At the gathering, Martin spoke to the importance of the initiative, highlighting the need for mental health awareness and resources. 

“Every one of us is touched in some way by mental illness — in a friend, a family member, a colleague, or ourselves,” she said. “Those working in the court system are touched by individuals experiencing mental illness, people in crisis, and people experiencing trauma, who come into our courts every day. We all recognize we need to do better for them. But we cannot do it alone. This change requires education, training, access to treatment and, most importantly, collaboration across the state.”

Since then, SIM workshops have been held in all 10 of the state’s counties, said Rachael Azotea-Bolstridge, mental health and wellness coordinator of the judicial branch. After each workshop, Azotea-Bolstridge publishes a report highlighting the findings. The results for two counties — Sullivan and Rockingham counties — have not yet been published, but Azotea-Bolstridge expects that to happen by April.

The reports, such as the one from Belknap County, highlight gaps and potential areas of growth in the community, and include a list of resources available in the community. For instance, the Belknap County report noted that the county has no mental health court, which was identified as a “gap.” The county also identified a need for transitional housing for people being released from jail, and additional resources for them.

At each workshop, participants highlighted  “achievable goals which could happen in the near future” and formed breakout groups that focused on ways to achieve that goal, Azotea-Bolstridge said. The most common goal recognized among all of the breakout groups was addressing a shortage of behavioral workers.

The workshops launched a continuing process, as each breakout group worked toward achieving its goals.
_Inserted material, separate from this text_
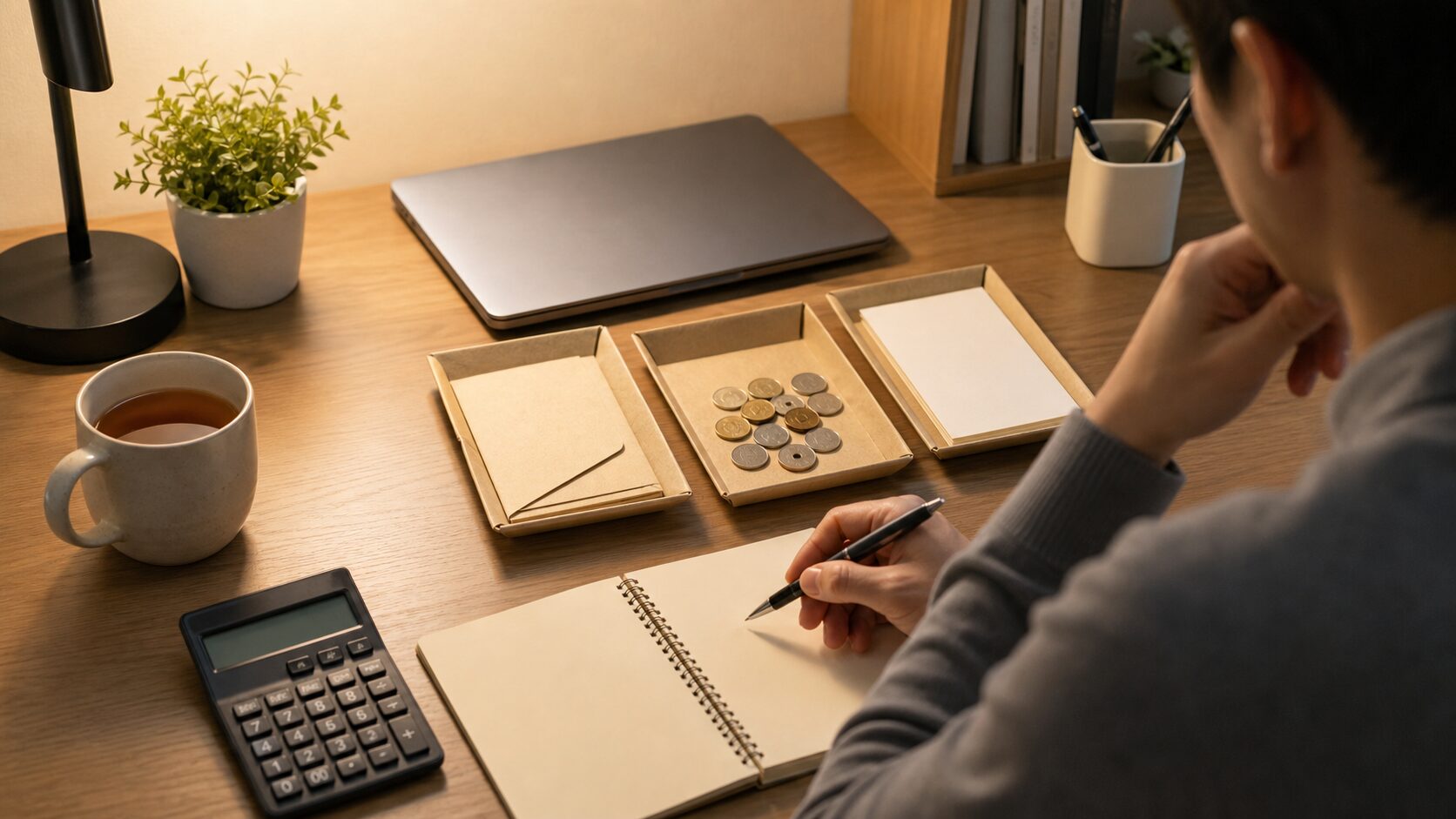 待機資金や短期運用先を整理する個人投資家のイメージ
Azotea-Bolstridge holds a three-month check-in session with the entire group so each focus group can report on its progress and the whole group can collaborate on other ideas. 

Supreme Court Chief Justice Gordon MacDonald chairs the N.H. Judicial Branch’s mental health team. (Courtesy photo)

Azotea-Bolstridge continues to host the check-ins, which she sees as an “opportunity for people to refocus and report out. She plans to keep them going “until they are no longer needed.” 

So far, only one county, Cheshire County, has concluded its check-in sessions.

Bringing the groups back together

Azotea-Bolstridge plans to host a virtual session in April, at which each county can share details of its work, trade ideas with other counties, and keep each other on track with their overall goals. 

A big question from a lot of people attending the workshops has been:”How are other towns doing it?” she said. 

If the April session goes well, “we’ll probably do it for the other large commonly shared issues,” Azotea-Bolstridge said.

As preliminary data from the workshops comes in, however, one thing is clear: The greater community must be involved to bring about changes in the judicial system. 

“I think the biggest impact [of the SIM workshops] is going to be legislative change, whether that’s on the state level or more of the community level,” Azotea-Bolstridge said.

In the end, the breakout groups are working to create solutions tailored to each county. “Every community comes up with different ways to resolve problems in their community,” Azotea-Bolstridge said. 

Looking to the future of the judicial system in New Hampshire, Stearns said the road ahead is still long. “We have laid some really good foundations with the SIM mapping,” she said, “but where do we take that work?”